But then PYD is a model setting out to offer a structure for thinking about <i>programmes</i> for young people, and, for some PYD thinkers, about social attitudes towards young people. It is not a model of radical social change. That doesn't mean we don't need models of radical social change to challenge deep rooted social inequality - but those are far bigger policy questions that PYD shouldn't (and because of its adolescent development/scientific school of thinking, most likely wouldn't) claim to answer.

==On accusations of pseudo-science==

Badly used, and in a culture that prioritises statistically 'Evidence Based Practice' to the exclusion of developing creative, responsive and sensitive workers and communities(possibly an issue in some US contexts) - PYD could be taken as pseudo-science and generalist. Taken as a tool for sharpening our understanding of what works in youth work, and what is appropriate at different ages of young people's development - and as a tool for supporting workers and communities to use their skills to better support young people - it is far from pseudo-science - but is science as the under-labourer to our philosophies of change in the most positive possible way.

So I can't defend all PYD 'science' - but some bad science shouldn't undermine a discipline with something going for it.

==Functionalist lists to avoid risk?==

In the paper which should be available for download now from http://www.nya.org.uk/research (current projects) we do look at many of the lists of attributes which can read as overly 'functionalist' and 'normative'. However, as we looked more closely at these - we found most offer a rich discourse justifying the choices in these lists and recognising their limitations - and we found that PYD is a far more multi-dimensional concept than just offering lists of the 'resiliency factors' young people need (in fact, PYD proper would not want to talk about your 'risky behaviour' all that much at all but would want to talk about your positive thriving as an individual).

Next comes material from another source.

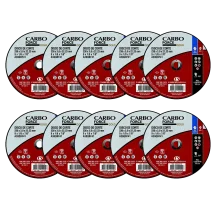 KIT 10 DISCOS DE CORTE CARBOFORCE CARBORUNDUM 9 X 1/8 X 7/8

==On unhelpful forms of argument==

I don't find the polemical link to the Bush administration offers anything useful in your comment. New Labour may eulogise social justice (in fact, so may the Conservative Party and others even further to the Right). Does that make social justice a bad concept?

===On a positive movement===

In reviewing the literature on PYD I found it useful to make a distinction between:

* PYD as a model for youth programmes

* PYD as a movement

PYD as a movement is about creating a positive public idea of young people. Challenging us to articulate positive visions for thriving in young people's lives, rather than to just aim for 'problem free' transitions to adulthood.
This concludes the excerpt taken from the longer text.